The results of the present study did not reveal a prognostic significance for p53. The prognostic significance of p53 protein expression in ER-positive and HER2-negative breast cancer has been reported in a limited number of studies (14–17). However, several items of information are required for the interpretation of p53 protein expression. The correlation between p53 accumulation measured using IHC and p53 mutations detected using sequencing has been estimated to be <75% in breast cancer (32). Not all mutations yield a stable protein, and certain mutations lead to a truncated protein that cannot be detected using IHC. Done et al (33) demonstrated strong p53 nuclear staining in all tumors known to harbour missense mutations, but in no tumors with truncation mutations.
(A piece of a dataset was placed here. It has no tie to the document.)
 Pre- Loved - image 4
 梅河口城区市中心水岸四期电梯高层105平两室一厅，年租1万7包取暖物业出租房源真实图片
Wild-type p53 may also accumulate in certain tumors as a result of a response to DNA damage or by binding to other cellular proteins (34). Moreover, at the single-tumor level, p53 mutations are distributed in a heterogeneous manner (35). It is necessary to collect evidence regarding p53 accumulation and establish the methodology for clinical practice. Further studies on p53 as a predictive factor for late recurrence and adjuvant chemotherapy are required, along with the findings of previous reports (15,17).
This study's limitations include its retrospective design at a single institution, the heterogeneity of the administered treatments, and the short follow-up period. Nonetheless, a clear statistical significance was identified for the Ki67 labeling index.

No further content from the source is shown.